Chaddy claimed Broomfield was trying to damage his beak. “Ninety per cent of mascots are top guys,” he said. “But some of them think if they can floor Chaddy the Owl they can be in the newspapers.”
Two season’s earlier, in a match against Peterborough, a linesman kept flagging Carlo Corrazin offside when he wasn’t. Chaddy was sent for an early bath when it was discovered that he had been mistaken for Carlo.
2004: Robbie the Bobby (Bury FC)
Sacked after making obscene gestures to Howard Webb. Although named after the founder of the modern police force, Robby had a string of offences, and was dismissed by Mike Dean for belly-flopping on th pith and mooning at Bristol City supporters., Previous incidents included tearing the ears off Peterborough United’s rabbit mascot as well as being involved in a brawl with Cardiff City’s Bartley the Bluebird.
“When I realised Bartley wasn’t playing, I clouted him a couple of times and then ripped his head off,” said Jonathan Pollard (for it was he). “I think I broke his nose and I’m sure he lost a tooth or two.”
2011: Deepdale Duck (Preston North End)
Deepdale has a history of winding up the oppo, and even prompted Everton to attempt to ban him. Sent off against Derby for annoying and distracting their goalkeeper, he then twice interrupted BBC presenter Mark Clement during his ‘links’ from the tunnel.
2011: Sammy the Tammy (Dunfermline)
Got into a cardboard tank and aimed his gun at Raith Rovers fans, while the PA system played the sound of gunfire. The incident came shortly after a petrol bomb was sent to Celtic manager Neil Lennon – and the downfall of another member of the Scottish mascot community.
2011: Rossco the Staggie (Ross County)
Rossco, aka Glasgow Rangers fan David Purvis, made online comments about Neil Lennon on his Staggie Facebook page:
“He went for Ally McCoist after the match.
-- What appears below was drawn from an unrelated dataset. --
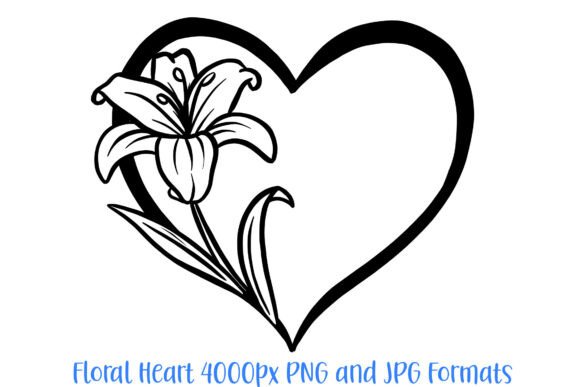 Lily Floral Heart Wreath: Elegant Graphic for Designers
The guy’s a sewer rat. […] Lennon you’re a dirty c***. Hope you get whats coming to you yah dirty b******. Call yourself a manager. There will be some scrap in Glasgow tonight.”
Taxi for Staggie.
2011: Donny Dog (Doncaster Rovers)
Testosterone-fuelled violence is not the only blot on the reputation of Britain’s mascot community.
Donny Dog was sacked for taking off his sweaty dog suit and revealing something much hotter: Rovers supporter Tracey Chandler dressed in lingerie. It was all for a children’s charity of course, but that didn’t stop the club from summarily sacking her for “disgracing” its reputation.
Club chairman John Ryan subsequently offered Tracy her job back for the following season. “We were just a bit concerned about the sexualisation of young children,” he said. “It’s a tricky area these days.”
And certainly not good for the game.